WORK INSTRUCTION:
Take the line with "Two Piece A-Line" as the first and the last line of the data as the end. Write out both and every line between exactly, except pictures.

DATASET RECORDS:
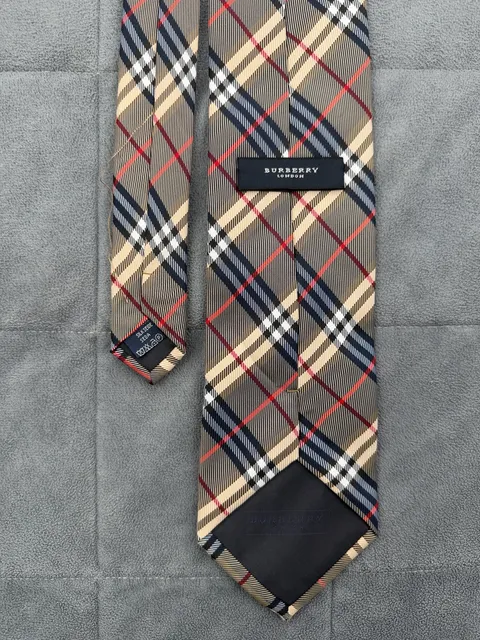 Burberry London Silk Plaid Tie Beige House Check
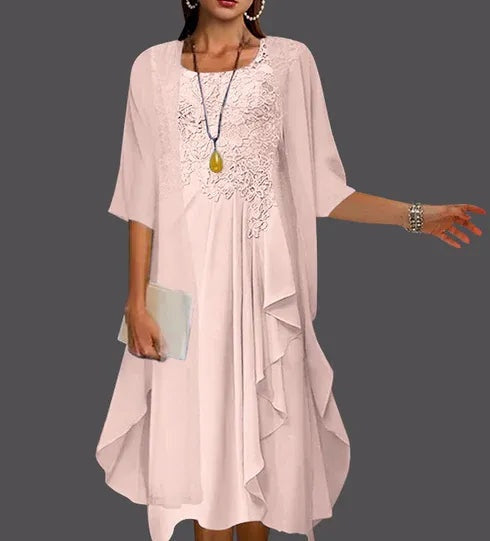 Two Piece A-Line Chiffon Lace Sleeveless Jacket Dresses with Pleats Appliques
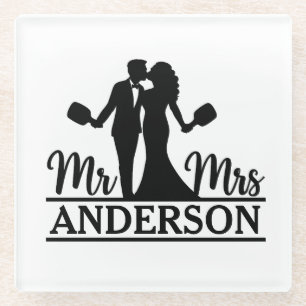 Modern Custom Couname Romantic Vibes Black Glasuntersetzer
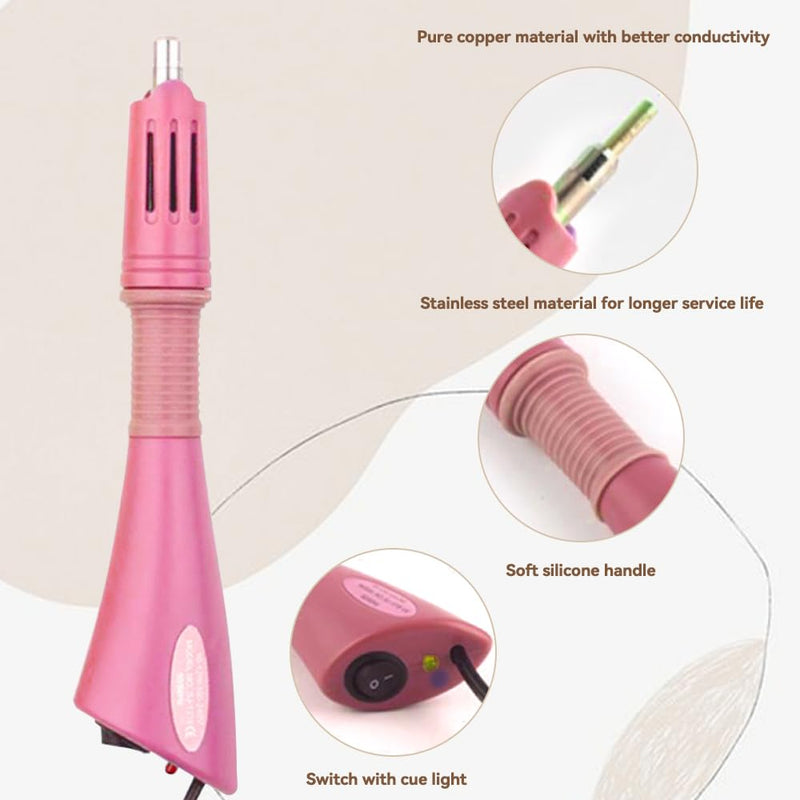 Hotfix Rhinestone Setter Applicator Hot Fix Wand Kit Tool Set with 7 Different SIzes Tips, Hot Fixed Wand Kit for Crafts Shoes Clothes Fabric Clothing ((pink)) (pink)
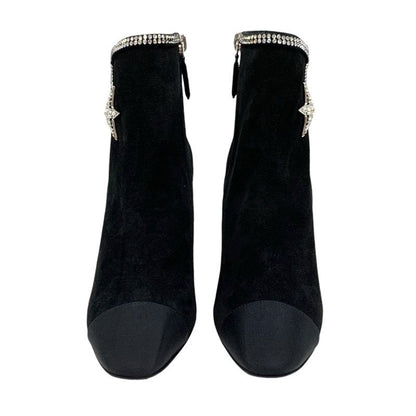 Chanel Boots Short Boots Shoes Suede Black Unused Rhinestone Star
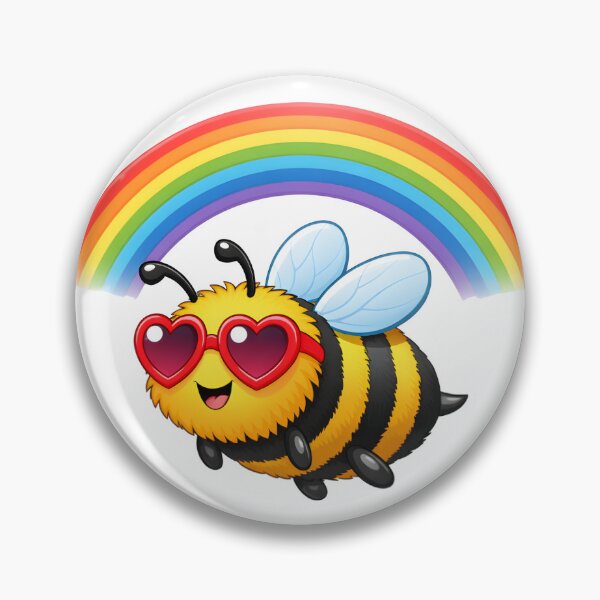 Item preview, Bumble Bee in Sunglasses Flying Under a Rainbow designed and sold by GearGirlNJ.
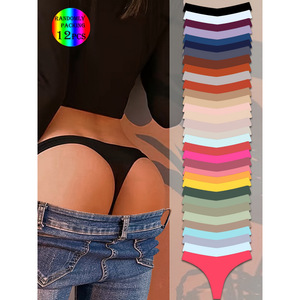 Culottes pour femmes, style V, couleurs mélangées, polyester, grande taille, sous-vêtements sans couture, confortables, vêtements intérieurs - Product Image 1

ANSWER AREA:
 Two Piece A-Line Chiffon Lace Sleeveless Jacket Dresses with Pleats Appliques
 Modern Custom Couname Romantic Vibes Black Glasuntersetzer
 Hotfix Rhinestone Setter Applicator Hot Fix Wand Kit Tool Set with 7 Different SIzes Tips, Hot Fixed Wand Kit for Crafts Shoes Clothes Fabric Clothing ((pink)) (pink)
 Chanel Boots Short Boots Shoes Suede Black Unused Rhinestone Star
 Item preview, Bumble Bee in Sunglasses Flying Under a Rainbow designed and sold by GearGirlNJ.
 Culottes pour femmes, style V, couleurs mélangées, polyester, grande taille, sous-vêtements sans couture, confortables, vêtements intérieurs - Product Image 1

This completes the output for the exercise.